#### WHAT TO WORK ON:
Say how many lines below contain the word "with". The number is the entire reply.

#### DATASET EXCERPTS:

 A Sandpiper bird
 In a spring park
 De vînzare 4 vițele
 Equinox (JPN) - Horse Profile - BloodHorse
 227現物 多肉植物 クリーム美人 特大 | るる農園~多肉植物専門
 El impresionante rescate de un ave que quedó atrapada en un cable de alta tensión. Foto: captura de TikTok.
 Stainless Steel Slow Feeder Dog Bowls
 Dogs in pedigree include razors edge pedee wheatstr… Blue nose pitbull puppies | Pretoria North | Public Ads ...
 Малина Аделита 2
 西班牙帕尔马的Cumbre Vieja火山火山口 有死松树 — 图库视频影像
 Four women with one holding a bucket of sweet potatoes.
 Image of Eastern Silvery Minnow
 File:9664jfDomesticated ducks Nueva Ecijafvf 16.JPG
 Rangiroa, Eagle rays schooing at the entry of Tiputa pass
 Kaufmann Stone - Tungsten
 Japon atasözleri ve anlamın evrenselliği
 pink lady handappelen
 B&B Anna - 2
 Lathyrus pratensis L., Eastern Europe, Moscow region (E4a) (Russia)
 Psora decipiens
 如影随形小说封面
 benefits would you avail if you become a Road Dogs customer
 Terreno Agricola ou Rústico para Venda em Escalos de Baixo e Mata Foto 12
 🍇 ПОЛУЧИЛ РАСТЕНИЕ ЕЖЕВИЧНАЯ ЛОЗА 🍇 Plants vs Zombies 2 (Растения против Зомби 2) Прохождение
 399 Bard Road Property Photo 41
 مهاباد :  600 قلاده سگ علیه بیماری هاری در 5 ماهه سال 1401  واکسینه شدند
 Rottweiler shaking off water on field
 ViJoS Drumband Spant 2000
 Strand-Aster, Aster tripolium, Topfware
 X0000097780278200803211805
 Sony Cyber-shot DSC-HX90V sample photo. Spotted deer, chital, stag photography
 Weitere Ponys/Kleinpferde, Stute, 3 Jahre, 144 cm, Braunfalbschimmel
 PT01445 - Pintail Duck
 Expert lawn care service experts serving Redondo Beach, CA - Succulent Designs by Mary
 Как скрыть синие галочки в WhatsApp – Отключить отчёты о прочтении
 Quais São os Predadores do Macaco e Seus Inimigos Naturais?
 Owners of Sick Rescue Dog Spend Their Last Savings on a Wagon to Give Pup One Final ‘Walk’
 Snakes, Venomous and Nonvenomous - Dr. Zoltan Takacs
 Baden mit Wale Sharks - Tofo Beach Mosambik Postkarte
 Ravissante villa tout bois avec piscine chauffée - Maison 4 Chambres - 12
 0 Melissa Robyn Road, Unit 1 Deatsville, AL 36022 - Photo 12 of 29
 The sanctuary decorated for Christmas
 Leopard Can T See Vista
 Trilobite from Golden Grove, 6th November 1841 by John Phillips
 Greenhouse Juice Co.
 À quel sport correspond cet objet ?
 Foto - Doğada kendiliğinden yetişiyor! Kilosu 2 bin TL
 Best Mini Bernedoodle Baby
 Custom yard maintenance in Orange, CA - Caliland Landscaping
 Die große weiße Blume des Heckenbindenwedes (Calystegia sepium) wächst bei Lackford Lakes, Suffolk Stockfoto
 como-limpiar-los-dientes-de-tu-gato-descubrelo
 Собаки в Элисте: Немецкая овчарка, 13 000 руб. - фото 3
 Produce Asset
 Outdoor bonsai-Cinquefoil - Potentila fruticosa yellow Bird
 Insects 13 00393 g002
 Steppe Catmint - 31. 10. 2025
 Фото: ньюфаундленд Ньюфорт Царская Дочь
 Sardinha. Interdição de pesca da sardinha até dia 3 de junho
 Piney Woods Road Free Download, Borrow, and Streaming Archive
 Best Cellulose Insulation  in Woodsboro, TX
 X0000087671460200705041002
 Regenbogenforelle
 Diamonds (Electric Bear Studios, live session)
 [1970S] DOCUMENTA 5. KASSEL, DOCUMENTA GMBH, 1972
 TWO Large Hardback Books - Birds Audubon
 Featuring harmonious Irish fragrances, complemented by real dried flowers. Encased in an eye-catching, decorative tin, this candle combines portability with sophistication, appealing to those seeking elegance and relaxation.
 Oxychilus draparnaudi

#### YOUR RESPONSE:
2